Solaris 10 svcs failures

I have a solaris 10 machine that was working fine until the system crashed after a power failure. Now, after the system boots up, several services go into maintenance mode.

offline         8:54:59 svc:/milestone/multi-user-server:default
offline         8:54:59 svc:/application/graphical-login/cde-login:default
offline         8:54:59 svc:/system/zones:default
offline         8:55:00 svc:/application/cde-printinfo:default
offline         8:55:07 svc:/system/iscsitgt:default
offline         8:55:07 svc:/system/basicreg:default
maintenance    13:00:22 svc:/application/print/ipp-listener:default
maintenance    13:02:03 svc:/network/ldap/client:default
maintenance    13:02:59 svc:/application/management/dmi:default
maintenance    13:30:12 svc:/milestone/multi-user:default

I have tried to clear and restart the services, but nothing works. I can't figure out the problem from the logs and the system does not go into multi user mode.
How can I get these services our of maintenance mode?

THanks.

post the output of svcs -xv for starters...
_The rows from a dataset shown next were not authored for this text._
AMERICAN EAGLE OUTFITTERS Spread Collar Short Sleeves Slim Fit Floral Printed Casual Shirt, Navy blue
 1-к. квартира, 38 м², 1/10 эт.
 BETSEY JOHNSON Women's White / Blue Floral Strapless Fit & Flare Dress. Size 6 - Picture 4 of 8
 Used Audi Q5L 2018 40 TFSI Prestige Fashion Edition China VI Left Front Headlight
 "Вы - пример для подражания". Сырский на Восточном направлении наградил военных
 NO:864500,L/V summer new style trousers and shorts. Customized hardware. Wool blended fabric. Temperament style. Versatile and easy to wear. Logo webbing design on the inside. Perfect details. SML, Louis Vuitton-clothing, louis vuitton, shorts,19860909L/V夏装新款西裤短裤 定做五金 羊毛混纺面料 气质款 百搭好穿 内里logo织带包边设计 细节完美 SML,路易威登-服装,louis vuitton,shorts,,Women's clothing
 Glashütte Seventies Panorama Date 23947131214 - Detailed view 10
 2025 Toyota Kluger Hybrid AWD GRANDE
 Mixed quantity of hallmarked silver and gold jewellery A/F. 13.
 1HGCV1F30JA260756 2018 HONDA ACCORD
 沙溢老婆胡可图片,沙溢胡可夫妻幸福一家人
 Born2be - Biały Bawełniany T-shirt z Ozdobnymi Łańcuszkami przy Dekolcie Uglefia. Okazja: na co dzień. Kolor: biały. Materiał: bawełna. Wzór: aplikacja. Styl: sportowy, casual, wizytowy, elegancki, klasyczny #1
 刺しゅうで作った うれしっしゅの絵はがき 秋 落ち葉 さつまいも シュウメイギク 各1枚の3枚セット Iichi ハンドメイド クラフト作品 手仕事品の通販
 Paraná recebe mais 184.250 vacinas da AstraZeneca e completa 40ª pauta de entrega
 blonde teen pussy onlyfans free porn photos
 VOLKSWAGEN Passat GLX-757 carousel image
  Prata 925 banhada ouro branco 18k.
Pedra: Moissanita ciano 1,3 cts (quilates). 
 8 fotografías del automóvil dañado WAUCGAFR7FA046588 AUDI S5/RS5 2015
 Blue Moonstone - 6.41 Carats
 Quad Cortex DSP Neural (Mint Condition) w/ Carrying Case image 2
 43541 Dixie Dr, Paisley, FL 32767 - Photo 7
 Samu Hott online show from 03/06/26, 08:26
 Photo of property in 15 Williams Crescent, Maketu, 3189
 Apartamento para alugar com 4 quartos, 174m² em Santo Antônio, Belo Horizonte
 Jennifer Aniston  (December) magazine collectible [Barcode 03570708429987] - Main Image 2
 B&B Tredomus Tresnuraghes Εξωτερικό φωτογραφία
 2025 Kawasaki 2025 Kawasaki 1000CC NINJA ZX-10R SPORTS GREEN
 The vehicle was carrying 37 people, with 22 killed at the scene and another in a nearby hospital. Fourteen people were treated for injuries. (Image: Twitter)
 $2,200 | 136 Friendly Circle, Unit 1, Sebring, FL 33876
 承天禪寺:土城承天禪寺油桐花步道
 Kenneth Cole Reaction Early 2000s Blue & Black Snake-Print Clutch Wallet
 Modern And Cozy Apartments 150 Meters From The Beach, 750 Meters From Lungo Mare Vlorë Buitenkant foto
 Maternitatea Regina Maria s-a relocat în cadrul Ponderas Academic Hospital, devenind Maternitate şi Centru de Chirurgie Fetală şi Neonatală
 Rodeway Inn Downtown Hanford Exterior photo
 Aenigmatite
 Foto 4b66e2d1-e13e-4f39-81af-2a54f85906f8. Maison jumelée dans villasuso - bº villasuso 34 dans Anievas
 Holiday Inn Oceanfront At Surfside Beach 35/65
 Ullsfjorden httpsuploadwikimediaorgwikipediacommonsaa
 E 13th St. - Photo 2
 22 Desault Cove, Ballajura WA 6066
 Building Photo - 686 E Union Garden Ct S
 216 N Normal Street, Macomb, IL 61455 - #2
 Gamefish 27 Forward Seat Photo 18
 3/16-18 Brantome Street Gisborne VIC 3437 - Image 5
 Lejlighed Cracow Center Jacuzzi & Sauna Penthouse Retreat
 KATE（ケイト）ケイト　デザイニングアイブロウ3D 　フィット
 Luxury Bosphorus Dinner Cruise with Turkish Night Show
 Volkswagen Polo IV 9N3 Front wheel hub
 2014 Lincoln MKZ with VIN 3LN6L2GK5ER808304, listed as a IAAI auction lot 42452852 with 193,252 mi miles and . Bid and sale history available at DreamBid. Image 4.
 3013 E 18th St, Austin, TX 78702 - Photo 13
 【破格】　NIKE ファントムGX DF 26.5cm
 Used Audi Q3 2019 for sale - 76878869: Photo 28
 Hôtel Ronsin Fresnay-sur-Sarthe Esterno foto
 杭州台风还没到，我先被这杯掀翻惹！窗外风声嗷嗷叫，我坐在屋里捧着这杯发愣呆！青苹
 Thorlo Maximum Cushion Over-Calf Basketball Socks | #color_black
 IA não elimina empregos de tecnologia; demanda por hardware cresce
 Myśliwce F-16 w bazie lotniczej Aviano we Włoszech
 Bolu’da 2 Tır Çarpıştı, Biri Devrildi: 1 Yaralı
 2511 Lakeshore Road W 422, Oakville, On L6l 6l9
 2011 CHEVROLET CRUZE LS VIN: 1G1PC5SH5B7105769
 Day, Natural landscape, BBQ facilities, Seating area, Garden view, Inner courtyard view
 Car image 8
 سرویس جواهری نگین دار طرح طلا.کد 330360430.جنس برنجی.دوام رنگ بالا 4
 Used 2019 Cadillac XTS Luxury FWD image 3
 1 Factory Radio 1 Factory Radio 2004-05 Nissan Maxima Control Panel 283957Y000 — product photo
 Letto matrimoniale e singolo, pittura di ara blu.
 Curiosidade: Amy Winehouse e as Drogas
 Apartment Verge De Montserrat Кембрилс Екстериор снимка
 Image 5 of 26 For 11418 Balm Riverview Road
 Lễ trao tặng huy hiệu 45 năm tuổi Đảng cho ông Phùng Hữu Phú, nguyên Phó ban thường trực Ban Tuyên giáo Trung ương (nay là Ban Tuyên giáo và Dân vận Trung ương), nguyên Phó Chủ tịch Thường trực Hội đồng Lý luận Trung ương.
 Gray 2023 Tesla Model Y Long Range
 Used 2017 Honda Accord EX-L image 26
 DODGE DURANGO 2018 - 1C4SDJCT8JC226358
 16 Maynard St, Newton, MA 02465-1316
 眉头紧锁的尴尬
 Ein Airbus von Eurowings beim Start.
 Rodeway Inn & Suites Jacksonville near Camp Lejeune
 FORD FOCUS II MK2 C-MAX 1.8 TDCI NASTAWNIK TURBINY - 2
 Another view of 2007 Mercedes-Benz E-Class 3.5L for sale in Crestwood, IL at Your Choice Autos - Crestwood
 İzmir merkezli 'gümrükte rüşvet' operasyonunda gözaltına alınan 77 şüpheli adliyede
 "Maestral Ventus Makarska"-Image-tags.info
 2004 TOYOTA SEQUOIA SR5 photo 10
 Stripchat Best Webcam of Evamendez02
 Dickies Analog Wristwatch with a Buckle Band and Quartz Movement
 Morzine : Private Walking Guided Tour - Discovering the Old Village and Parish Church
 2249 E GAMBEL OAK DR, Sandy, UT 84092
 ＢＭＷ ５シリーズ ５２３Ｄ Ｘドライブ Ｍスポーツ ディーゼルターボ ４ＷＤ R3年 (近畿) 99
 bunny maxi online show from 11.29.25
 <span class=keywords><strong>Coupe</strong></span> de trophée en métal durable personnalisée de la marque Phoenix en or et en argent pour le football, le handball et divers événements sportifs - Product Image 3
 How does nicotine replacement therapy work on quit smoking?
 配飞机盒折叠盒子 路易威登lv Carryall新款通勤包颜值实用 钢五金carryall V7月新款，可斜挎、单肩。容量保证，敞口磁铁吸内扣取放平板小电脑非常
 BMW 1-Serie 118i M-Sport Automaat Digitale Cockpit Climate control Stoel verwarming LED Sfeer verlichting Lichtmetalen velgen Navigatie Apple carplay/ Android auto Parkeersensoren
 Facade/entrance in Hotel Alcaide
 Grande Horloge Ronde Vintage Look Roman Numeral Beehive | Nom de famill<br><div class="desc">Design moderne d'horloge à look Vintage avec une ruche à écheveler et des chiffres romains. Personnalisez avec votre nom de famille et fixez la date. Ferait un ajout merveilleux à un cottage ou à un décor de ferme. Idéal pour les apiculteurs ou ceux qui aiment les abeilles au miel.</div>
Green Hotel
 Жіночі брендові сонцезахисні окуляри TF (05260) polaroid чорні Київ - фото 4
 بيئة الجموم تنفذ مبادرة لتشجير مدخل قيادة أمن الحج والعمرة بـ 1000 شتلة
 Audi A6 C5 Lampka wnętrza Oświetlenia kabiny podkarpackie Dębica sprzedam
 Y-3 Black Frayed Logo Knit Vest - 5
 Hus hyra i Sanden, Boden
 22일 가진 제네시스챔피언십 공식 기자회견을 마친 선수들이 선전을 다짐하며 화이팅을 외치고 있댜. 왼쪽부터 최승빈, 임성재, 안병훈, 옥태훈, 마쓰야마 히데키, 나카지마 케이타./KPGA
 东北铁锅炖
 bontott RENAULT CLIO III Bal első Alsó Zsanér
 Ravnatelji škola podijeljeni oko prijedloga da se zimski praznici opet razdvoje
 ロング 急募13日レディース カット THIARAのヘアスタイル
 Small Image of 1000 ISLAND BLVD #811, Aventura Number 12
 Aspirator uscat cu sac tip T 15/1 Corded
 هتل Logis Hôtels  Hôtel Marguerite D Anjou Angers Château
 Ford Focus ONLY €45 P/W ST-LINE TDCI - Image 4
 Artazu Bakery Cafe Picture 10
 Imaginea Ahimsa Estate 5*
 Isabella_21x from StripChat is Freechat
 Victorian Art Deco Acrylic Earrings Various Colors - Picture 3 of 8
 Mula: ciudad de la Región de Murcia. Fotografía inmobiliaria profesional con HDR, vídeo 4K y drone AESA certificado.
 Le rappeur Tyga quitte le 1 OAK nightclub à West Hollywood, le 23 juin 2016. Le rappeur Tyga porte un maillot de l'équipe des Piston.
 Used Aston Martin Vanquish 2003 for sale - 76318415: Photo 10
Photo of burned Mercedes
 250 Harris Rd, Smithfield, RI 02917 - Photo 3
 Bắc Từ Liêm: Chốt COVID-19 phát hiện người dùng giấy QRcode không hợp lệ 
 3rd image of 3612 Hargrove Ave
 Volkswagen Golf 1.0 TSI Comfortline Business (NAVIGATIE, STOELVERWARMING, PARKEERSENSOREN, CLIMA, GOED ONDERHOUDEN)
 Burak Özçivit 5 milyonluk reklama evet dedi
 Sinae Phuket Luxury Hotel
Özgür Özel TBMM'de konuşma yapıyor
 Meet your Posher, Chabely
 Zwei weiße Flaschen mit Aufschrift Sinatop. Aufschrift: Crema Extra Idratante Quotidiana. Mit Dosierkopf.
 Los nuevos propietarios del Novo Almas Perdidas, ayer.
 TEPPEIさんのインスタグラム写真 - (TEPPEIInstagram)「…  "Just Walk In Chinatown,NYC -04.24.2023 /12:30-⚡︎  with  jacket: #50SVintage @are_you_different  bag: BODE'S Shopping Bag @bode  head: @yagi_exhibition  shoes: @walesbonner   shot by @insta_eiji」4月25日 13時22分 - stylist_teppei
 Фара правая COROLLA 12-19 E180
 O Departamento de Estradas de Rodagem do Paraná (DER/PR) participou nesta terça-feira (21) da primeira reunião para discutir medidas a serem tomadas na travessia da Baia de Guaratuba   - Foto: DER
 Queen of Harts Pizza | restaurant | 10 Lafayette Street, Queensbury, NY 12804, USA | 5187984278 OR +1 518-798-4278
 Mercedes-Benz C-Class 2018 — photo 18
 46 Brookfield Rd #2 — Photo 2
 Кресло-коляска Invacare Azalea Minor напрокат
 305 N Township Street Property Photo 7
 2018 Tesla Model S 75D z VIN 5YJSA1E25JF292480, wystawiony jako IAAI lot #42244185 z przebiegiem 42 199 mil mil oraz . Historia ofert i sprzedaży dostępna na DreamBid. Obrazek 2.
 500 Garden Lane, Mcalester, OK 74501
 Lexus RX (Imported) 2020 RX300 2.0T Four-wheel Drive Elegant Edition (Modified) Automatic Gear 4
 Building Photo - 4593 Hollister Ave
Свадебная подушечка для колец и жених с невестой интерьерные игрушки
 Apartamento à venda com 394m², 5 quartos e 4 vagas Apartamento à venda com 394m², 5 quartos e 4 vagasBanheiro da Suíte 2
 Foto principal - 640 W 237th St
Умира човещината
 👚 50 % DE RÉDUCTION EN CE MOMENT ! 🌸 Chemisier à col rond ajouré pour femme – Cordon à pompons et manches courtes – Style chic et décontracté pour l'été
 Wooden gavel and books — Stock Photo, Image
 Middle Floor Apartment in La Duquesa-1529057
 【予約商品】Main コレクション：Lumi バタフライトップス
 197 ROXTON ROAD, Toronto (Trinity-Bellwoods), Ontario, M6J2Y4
Sorry. Here is the output of svcs -xv

# svcs -xv
svc:/milestone/multi-user:default (multi-user milestone)
 State: maintenance since Tue Apr 30 13:30:12 2013
Reason: Start method died on Killed (9).
   See: http://sun.com/msg/SMF-8000-KS
   See: man -M /usr/share/man -s 1M init
   See: /var/svc/log/milestone-multi-user:default.log
Impact: 6 dependent services are not running:
        svc:/milestone/multi-user-server:default
        svc:/system/basicreg:default
        svc:/system/zones:default
        svc:/application/graphical-login/cde-login:default
        svc:/system/iscsitgt:default
        svc:/application/cde-printinfo:default
svc:/application/management/dmi:default (Sun Solstice Enterprise DMI)
 State: maintenance since Tue Apr 30 13:02:59 2013
Reason: Start method failed repeatedly, last died on Killed (9).
   See: http://sun.com/msg/SMF-8000-KS
   See: man -M /usr/share/man/ -s 1M dmispd
   See: /var/svc/log/application-management-dmi:default.log
Impact: This service is not running.
svc:/application/print/ipp-listener:default (Internet Print Protocol Listening Service)
 State: maintenance since Tue Apr 30 13:00:22 2013
Reason: Start method failed repeatedly, last died on Killed (9).
   See: http://sun.com/msg/SMF-8000-KS
   See: man -M /usr/share/man -s 4 mod_ipp
   See: /var/svc/log/application-print-ipp-listener:default.log
Impact: This service is not running.
svc:/network/ldap/client:default (LDAP client)
 State: maintenance since Tue Apr 30 13:02:03 2013
Reason: Start method failed repeatedly, last died on Killed (9).
   See: http://sun.com/msg/SMF-8000-KS
   See: man -M /usr/share/man -s 1M ldap_cachemgr
   See: /var/svc/log/network-ldap-client:default.log
Impact: This service is not running.

after a power failure a filesystem error is often a problem. is there any more information in the messages file?
also check your network settings like hostname in /etc/hosts and so on.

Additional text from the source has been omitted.